The poem is far from being deficient in that human interest which Shelley said that it was as vain to ask from HIM, as to seek to buy a leg of mutton at a gin-shop. The characters, the protagonists, with Cyril, Melissa, Lady Blanche, the child Aglaia, King Gama, the other king, Arac, and the hero's mother--beautifully studied from the mother of the poet--are all sufficiently human. But they seem to waver in the magic air, "as all the golden autumn woodland reels athwart the fires of autumn leaves. For these reasons, and because of the designed fantasy of the whole composition, The Princess is essentially a poem for the true lovers of poetry, of Spenser and of Coleridge. The serious motive, the question of Woman, her wrongs, her rights, her education, her capabilities, was not "in the air" in 1847. To be sure it had often been "in the air." The Alexandrian Platonists, the Renaissance, even the age of Anne, had their emancipated and learned ladies. Early Greece had Sappho, Corinna, and Erinna, the first the chief of lyric poets, even in her fragments, the two others applauded by all Hellas. The French Revolution had begotten Mary Wollstonecraft Godwin and her Vindication of the Rights of Women, and in France George Sand was prominent and emancipated enough while the poet wrote. But, the question of love apart, George Sand was "very, very woman," shining as a domestic character and fond of needlework. England was not excited about the question which has since produced so many disputants, inevitably shrill, and has not been greatly meddled with by women of genius, George Eliot or Mrs Oliphant. The poem, in the public indifference as to feminine education, came rather prematurely. We have now ladies' colleges, not in haunts remote from man, but by the sedged banks of Cam and Cherwell. There have been no revolutionary results: no boys have spied these chaste nests, with echoing romantic consequences. The beauty and splendour of the Princess's university have not arisen in light and colour, and it is only at St Andrews that girls wear the academic and becoming costume of the scarlet gown. The real is far below the ideal, but the real in 1847 seemed eminently remote, or even impossible.

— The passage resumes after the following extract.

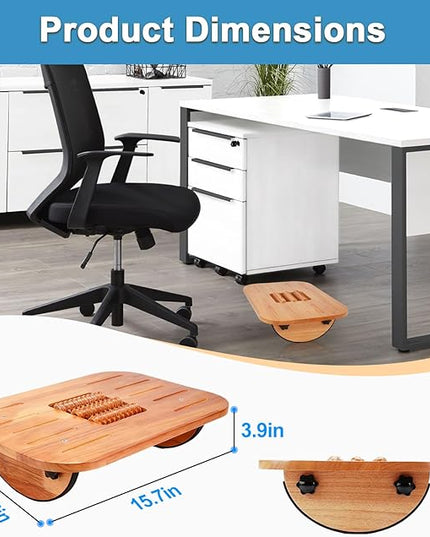 Foot Rest for Under Desk at Work, Ergonomic Wood Foot Stool with Roller Massager for Enhanced Circulation & Comfort - Pain Relief for Home Office Work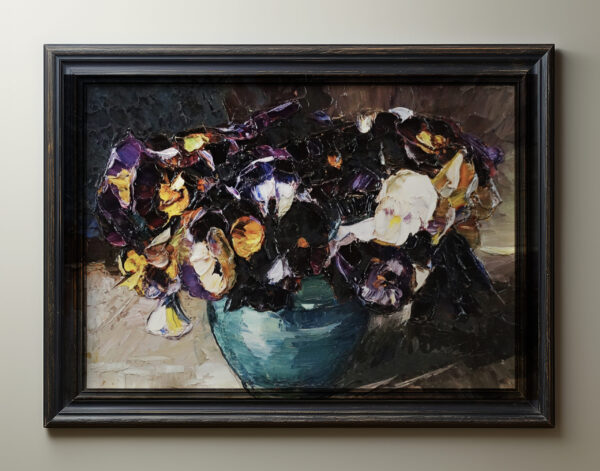 0055 vintage still life oil painting of pansy flowers. Ellis & Alexander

The learned Princess herself was not on our level as to knowledge and the past of womankind. She knew not of their masterly position in the law of ancient Egypt. Gynaeocracy and matriarchy, the woman the head of the savage or prehistoric group, were things hidden from her.
She "glanced at the Lycian custom," but not at the Pictish, a custom which would have suited George Sand to a marvel. She maligned the Hottentots.
"The highest is the measure of the man, And not the Kaffir, Hottentot, Malay."The Hottentots had long ago anticipated the Princess and her shrill modern sisterhood. If we take the Greeks, or even ourselves, we may say, with Dampier (1689), "The Hodmadods, though a nasty people, yet are gentlemen to these" as regards the position of women. Let us hear Mr Hartland: "In every Hottentot's house the wife is supreme.
Her husband, poor fellow, though he may wield wide power and influence out of doors, at home dare not even take a mouthful of sour-milk out of the household vat without her permission . . . The highest oath a man can take is to swear by his eldest sister, and if he abuses this name he forfeits to her his finest goods and sheep."However, in 1847 England had not yet thought of imitating the Hodmadods. Consequently, and by reason of the purely literary and elaborately fantastical character of The Princess, it was not of a nature to increase the poet's fame and success. "My book is out, and I hate it, and so no doubt will you," Tennyson wrote to FitzGerald, who hated it and said so. "Like Carlyle, I gave up all hopes of him after The Princess," indeed it was not apt to conciliate Carlyle.